Localization of deep water formation: role of atmospheric moisture transport and geometrical constraints on ocean circulation
Ferreira, D., Marshall, J. and Campin, J.-M. (2010) Localization of deep water formation: role of atmospheric moisture transport and geometrical constraints on ocean circulation. Journal of Climate, 23 (6). pp. 1456-1476. ISSN 1520-0442
Full text not archived in this repository.

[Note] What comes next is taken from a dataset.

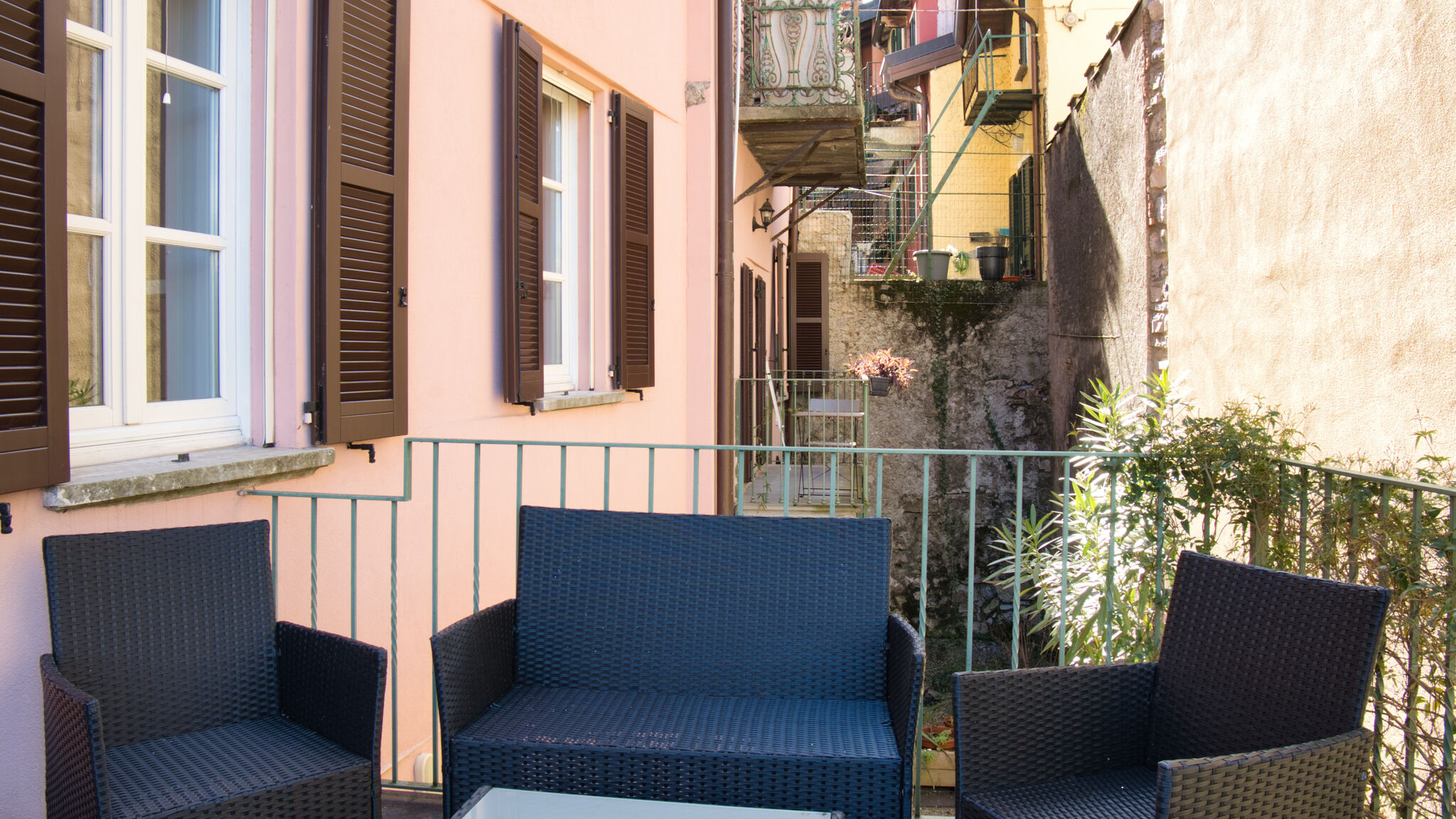 Italianway Varenna Casa Rosa - hidden Garden with lake view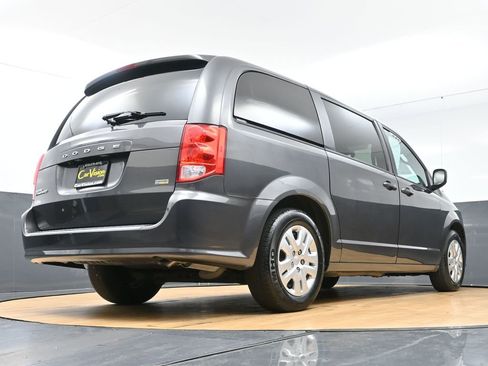 Used 2018 Dodge Grand Caravan SE w/ UConnect Hands-Free Group image 48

To link to this item DOI: 10.1175/2009JCLI3197.1
A series of coupled atmosphere–ocean–ice aquaplanet experiments is described in which topological constraints on ocean circulation are introduced to study the role of ocean circulation on the mean climate of the coupled system. It is imagined that the earth is completely covered by an ocean of uniform depth except for the presence or absence of narrow barriers that extend from the bottom of the ocean to the sea surface. The following four configurations are described: Aqua (no land), Ridge (one barrier extends from pole to pole), Drake (one barrier extends from the North Pole to 35°S), and DDrake (two such barriers are set 90° apart and join at the North Pole, separating the ocean into a large basin and a small basin, connected to the south). On moving from Aqua to Ridge to Drake to DDrake, the energy transports in the equilibrium solutions become increasingly “realistic,” culminating in DDrake, which has an uncanny resemblance to the present climate. Remarkably, the zonal-average climates of Drake and DDrake are strikingly similar, exhibiting almost identical heat and freshwater transports, and meridional overturning circulations. However, Drake and DDrake differ dramatically in their regional climates. The small and large basins of DDrake exhibit distinctive Atlantic-like and Pacific-like characteristics, respectively: the small basin is warmer, saltier, and denser at the surface than the large basin, and is the main site of deep water formation with a deep overturning circulation and strong northward ocean heat transport. A sensitivity experiment with DDrake demonstrates that the salinity contrast between the two basins, and hence the localization of deep convection, results from a deficit of precipitation, rather than an excess of evaporation, over the small basin. It is argued that the width of the small basin relative to the zonal fetch of atmospheric precipitation is the key to understanding this salinity contrast. Finally, it is argued that many gross features of the present climate are consequences of two topological asymmetries that have profound effects on ocean circulation: a meridional asymmetry (circumpolar flow in the Southern Hemisphere; blocked flow in the Northern Hemisphere) and a zonal asymmetry (a small basin and a large basin).